En días pasados vi un mercado en la plaza principal de la ciudad. La imagen me pareció desagradable y poca afortunada. Me llevó algunas horas saber porqué. Ahora pienso que tal vez mi incomodidad se debió a que en el fondo estaba ante la pérdida de jerarquía de un espacio público con enorme trascendencia. La plaza principal es el centro neurálgico de la ciudad y me pareció que tal lugar debe ser tratado en atención a esa calidad urbana.
Usar la plaza cívica más importante de la ciudad para convertirla en un mercado, sin medir la historia, el valor republicano que simboliza la bandera, así como la presencia cercana de los palacios gubernamentales y la catedral de la religión que tiene más adeptos en la ciudad, me parece incoherente.
Nuestra plaza cívica debería ser para mostrar ideas y testimonios de las principales civilizaciones del mundo, o bien para dar a conocer lo más universal de nuestra propia cultura local.
Me parece que la plaza principal de nuestra ciudad debería ser un lugar de encuentro de todas las clases sociales, de todos los géneros y las ideologías. Un lugar por excelencia de libertad y tolerancia. El centro de intercambio de opiniones diversas y, en suma, el lugar más sagrado de nuestra historia.

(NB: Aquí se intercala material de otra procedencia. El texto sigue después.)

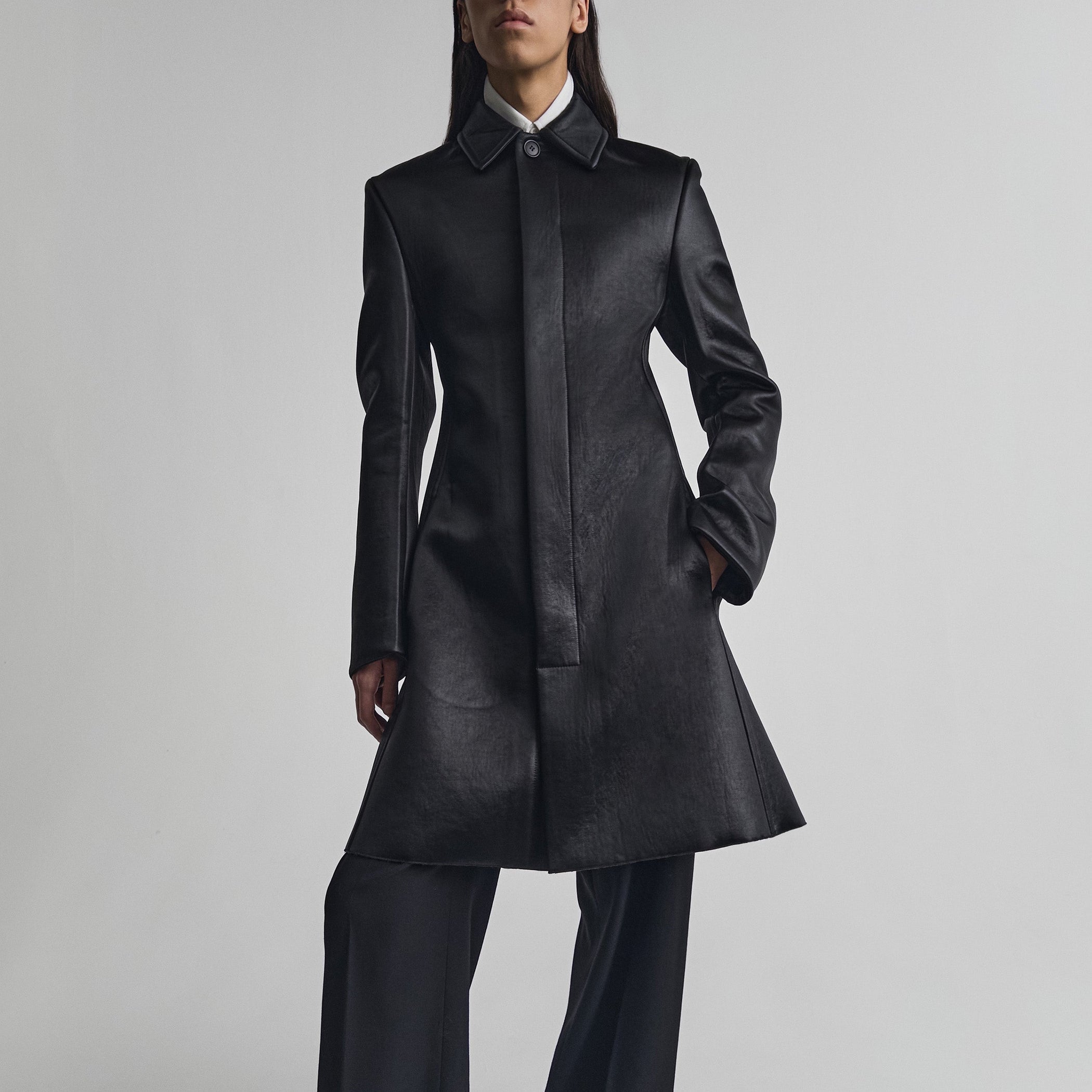 Front view of model wearing SHORT COAT in black bonded satin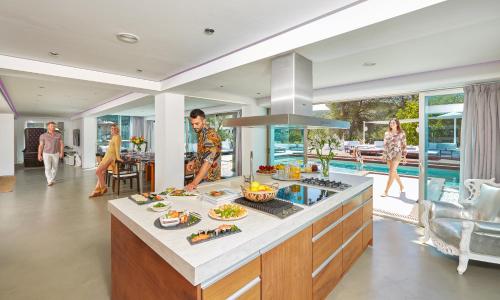 a kitchen with people walking around in a house at Casa India Ibiza in Santa Eularia des Riu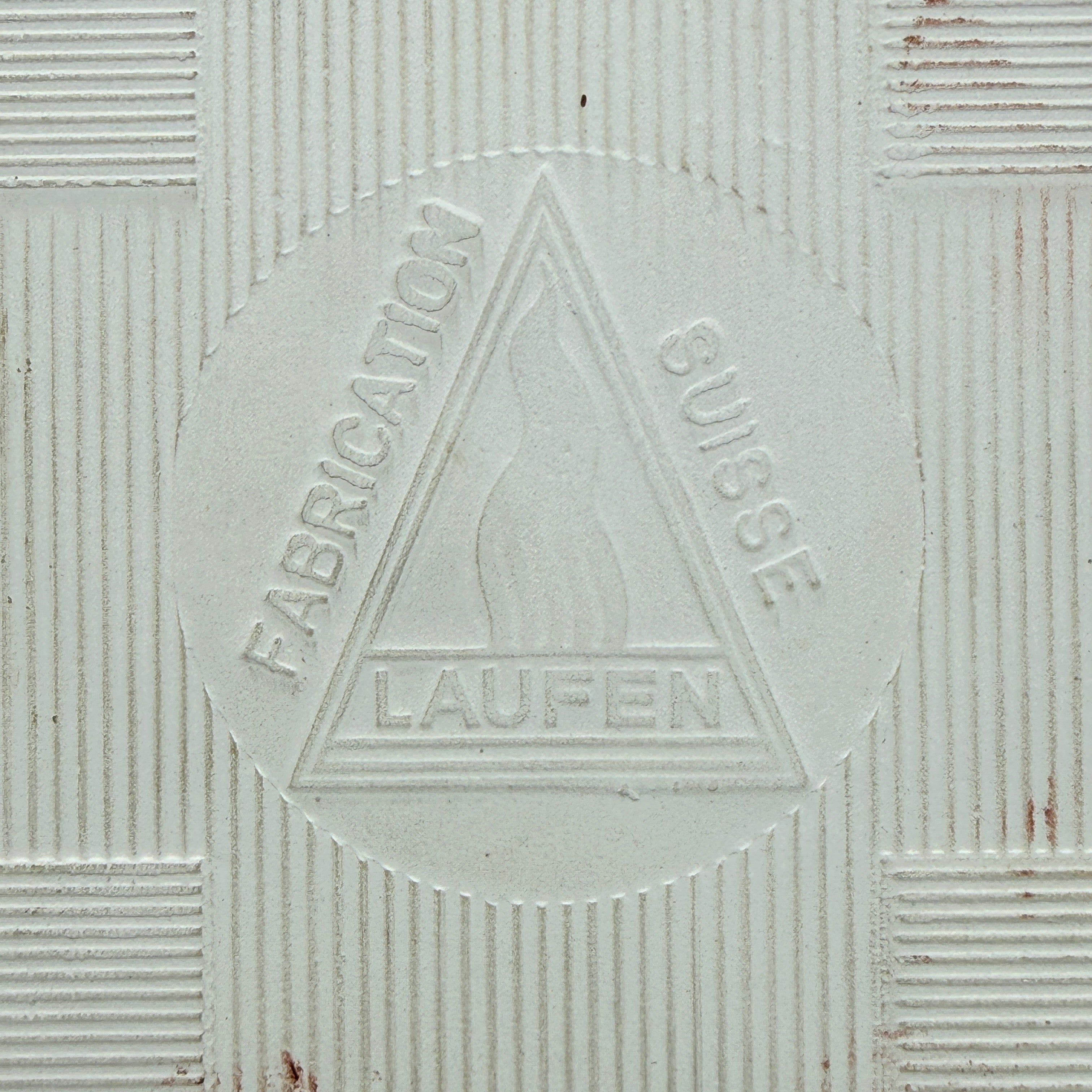 Showroom Ansbach Keramikfliese mit eingeprägtem Laufen Fabrication Suisse Logo auf cremeweißer, texturierter Oberfläche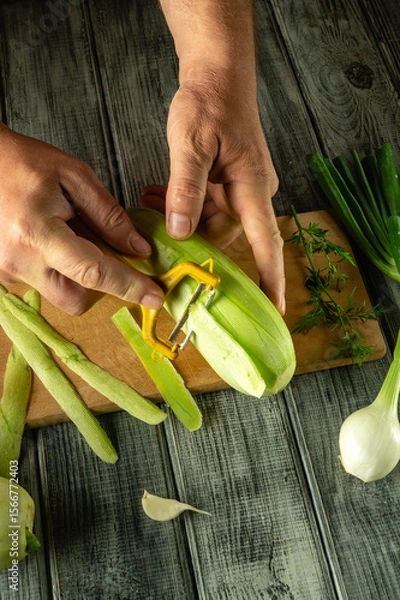 Fototapeta Fresh green vegetables marrow are being peeled on a wooden cutting board. Herbs and spring onions are arranged nearby, creating a vibrant and organic kitchen atmosphere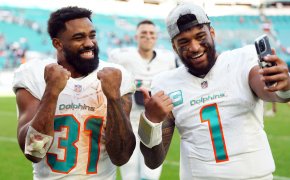 Miami Dolphins quarterback Tua Tagovailoa and running back Raheem Mostert celebrate after defeating the New York Jets at Hard Rock Stadium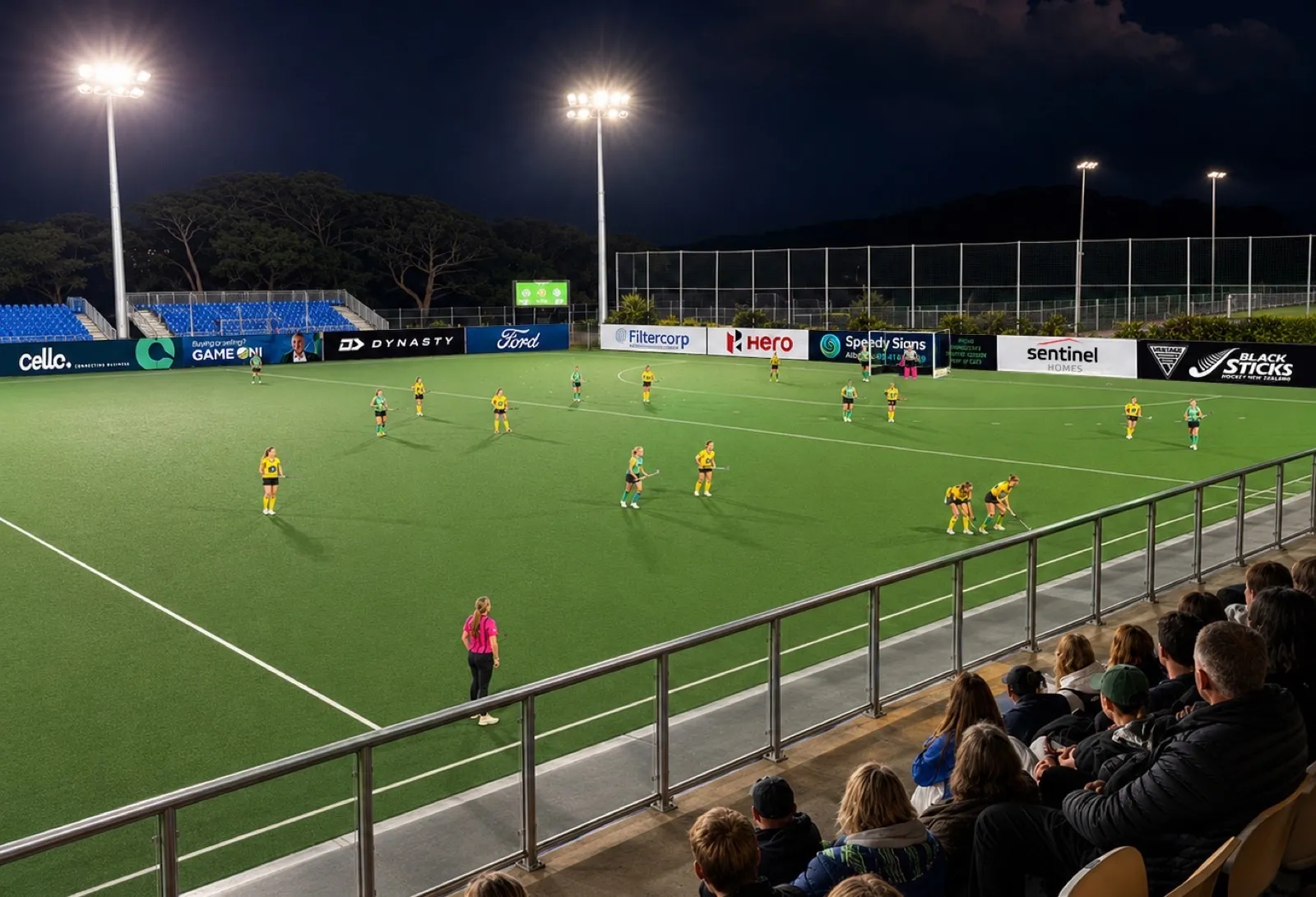 A night match at North Harbour Hockey, sponsor boards around the turf and spectators watching from the stand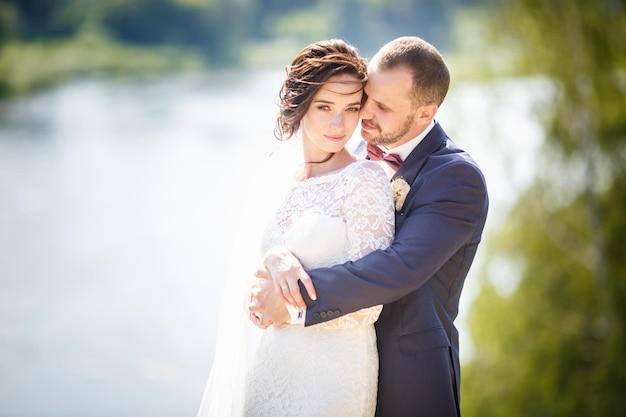 Una pareja amorosa de recién casados camina cerca de un río ancho en un día soleado de verano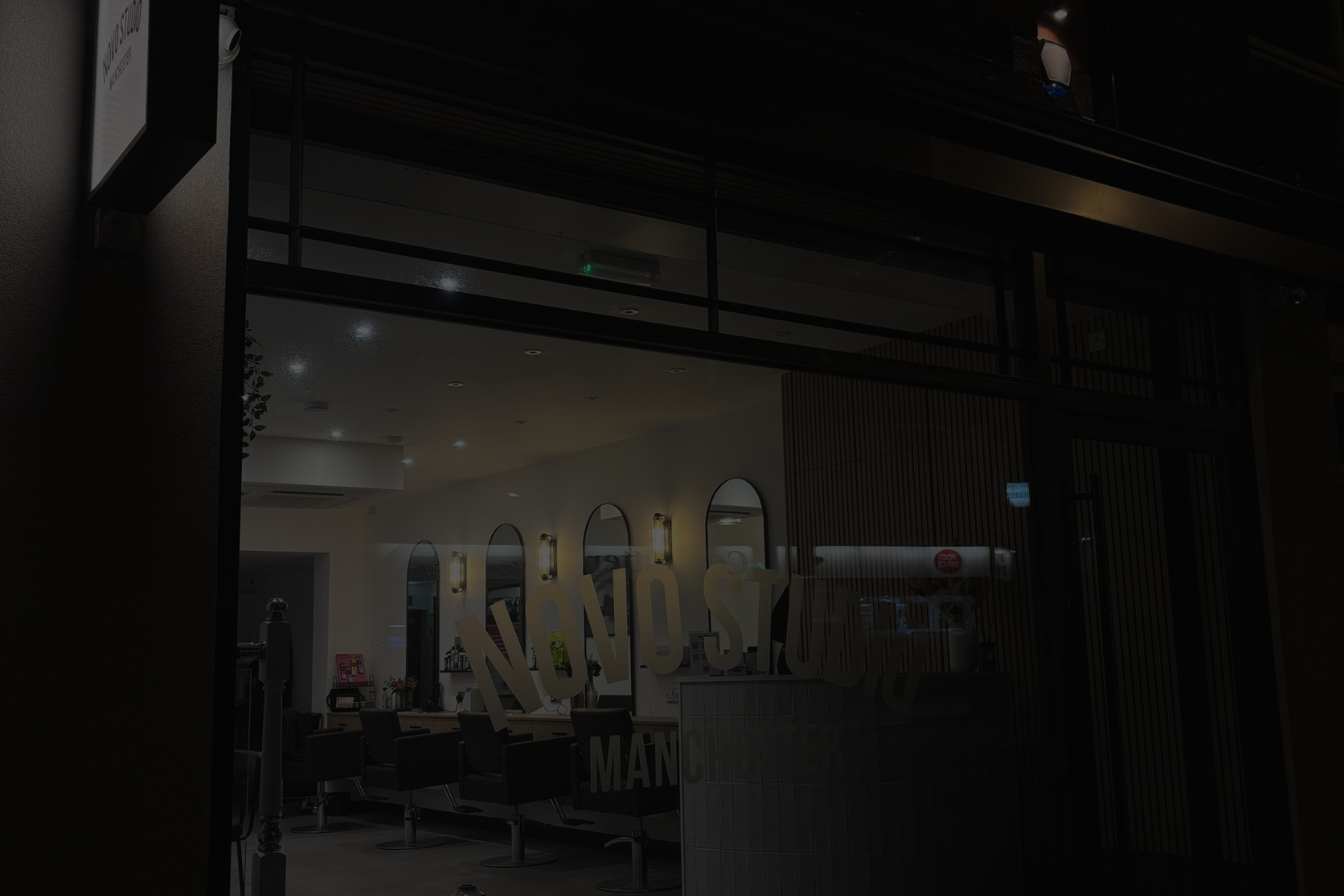 A black and white photo of a hair salon at night.
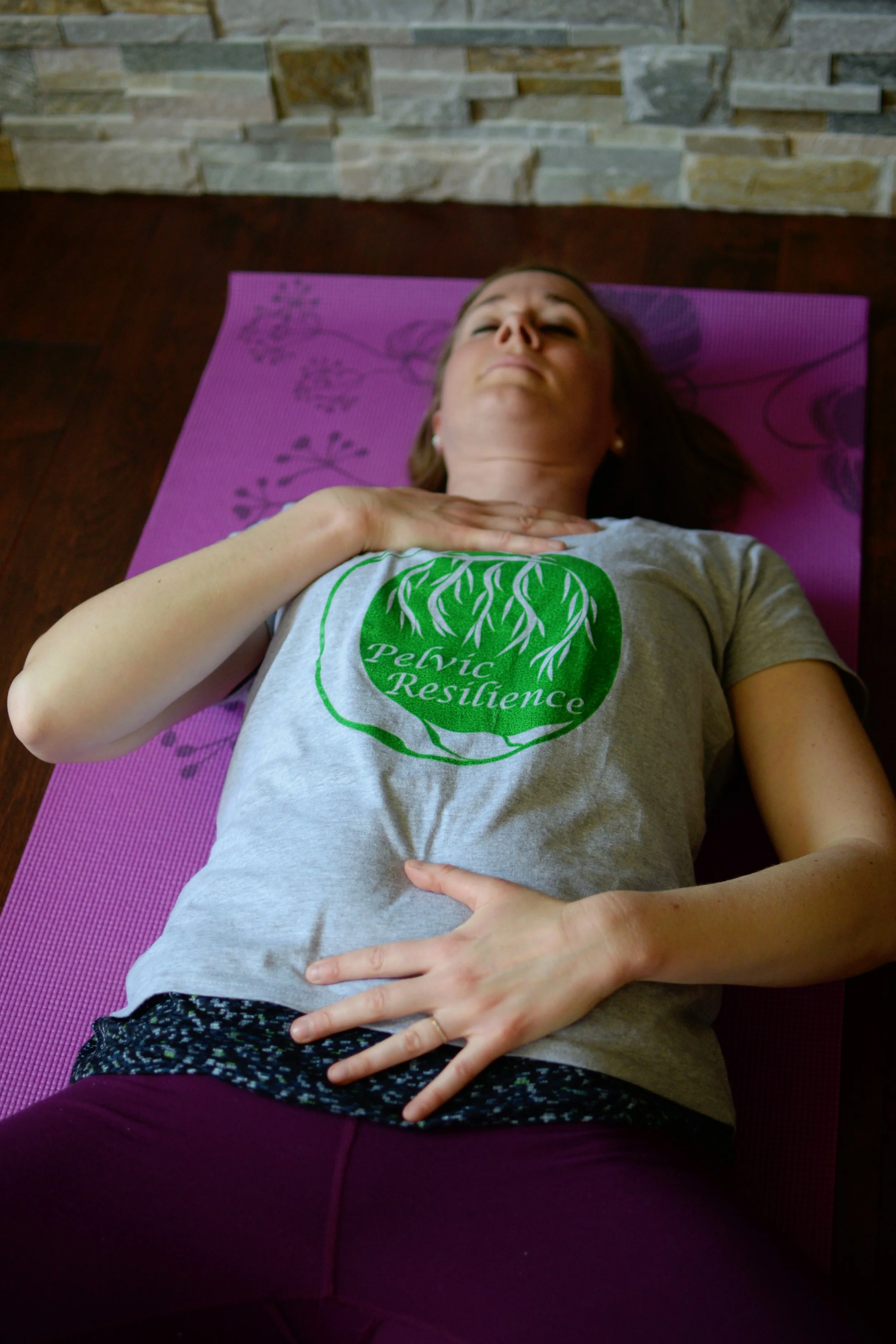 Lara Desrosiers of Pelvic Resilience lying on a purple yoga mat, practicing a breathing or relaxation exercise, wearing a grey t-shirt with a green logo that reads 'Pelvic Resilience' and a tree graphic, with her hand on her chest and stomach.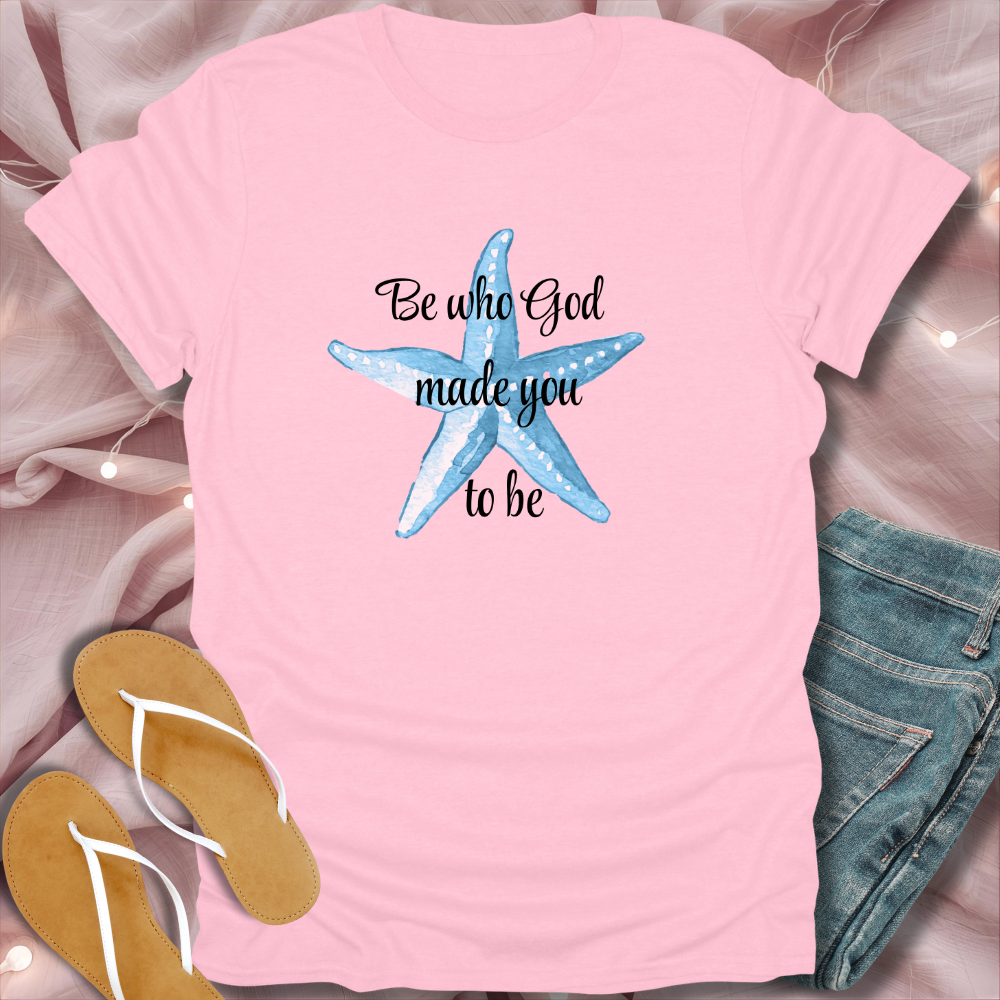 Pink t-shirt with a starfish design and text, placed on a soft pink surface with jeans and flip-flops.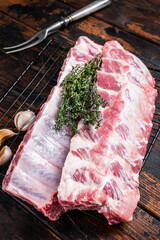 Raw pork spare ribs on a rack with herbs. Wooden background. Top view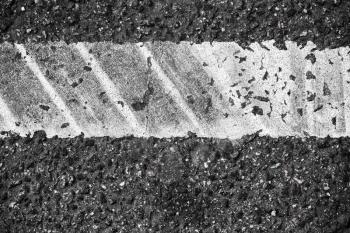 White line with tire tracks, highway road marking fragment. Abstract transportation background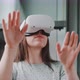 Close up of woman wearing vr goggles and reaching toward lens direction with hands - VideoHive Item for Sale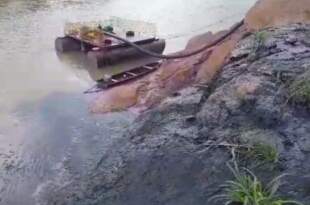 Crime ambiental: bomba de captação de água localizada ao lado de canal de esgoto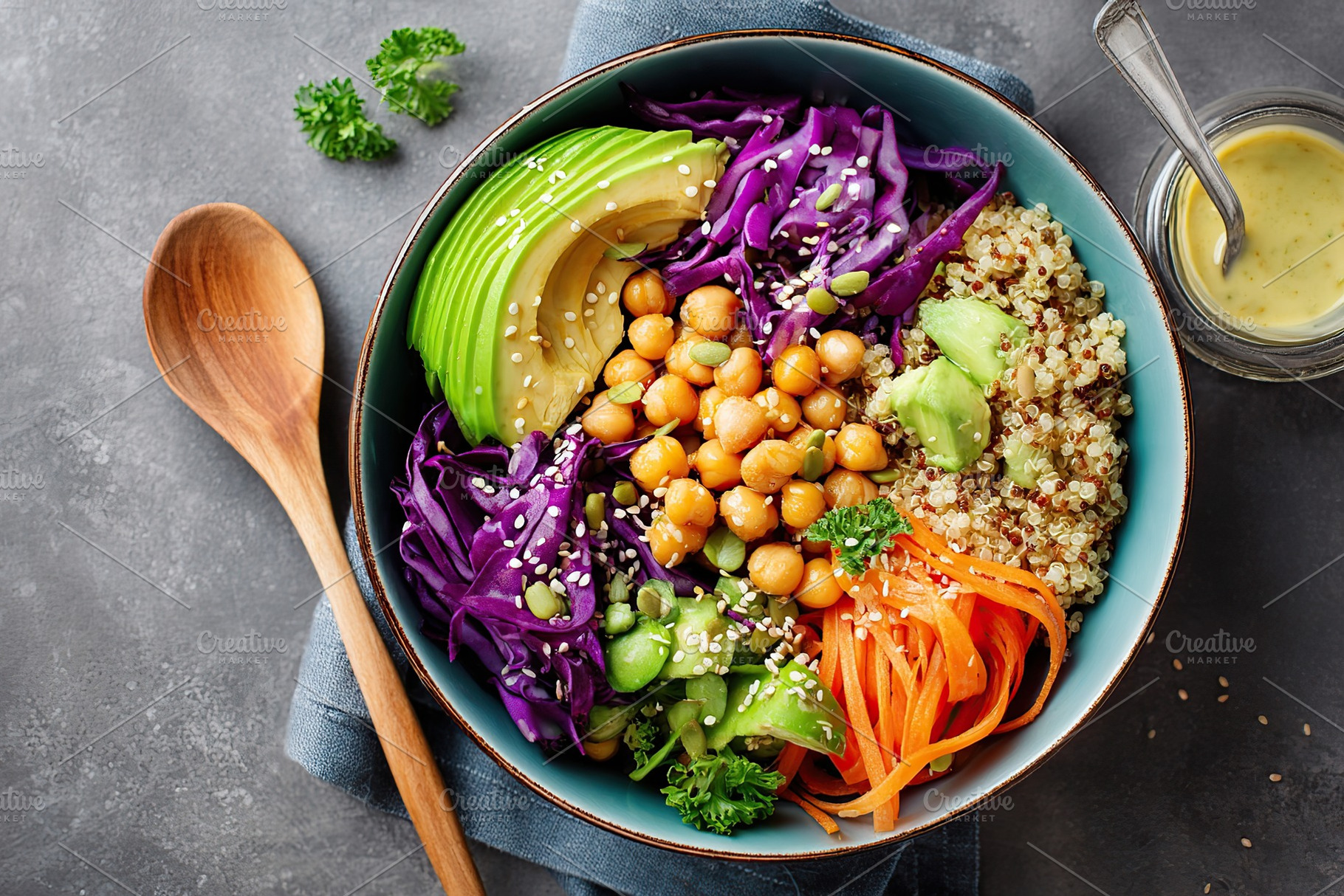 Delicious vegan bowl featuring quinoa, avocado, and purple cabbage with chickpe, a Food & Drink Photo by AlyaAnd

Por si acaso, debo afirmar que no estoy en contra de estimular la vida del Centro Histórico; simplemente, creo que hay otras formas de hacerlo. Tampoco estoy en contra del legítimo derecho de estimular la economía de los comerciantes. Ni mucho menos en contra de las tradiciones. Simplemente creo que existen muy cerca de ahí otros sitios para hacer lo mismo.
La plaza es un lugar para transitar libremente. Para eso está diseñada. Es un punto de reunión para el encuentro y la deliberación. Es el ágora. Por eso creo que, en la medida de lo posible, debe estar lista para la concurrencia más amplia y el trato más noble. Se puede hacer todo, o casi, pero sabiendo que no es un lote baldío, sino el sitio más importante de la ciudad que hemos heredado.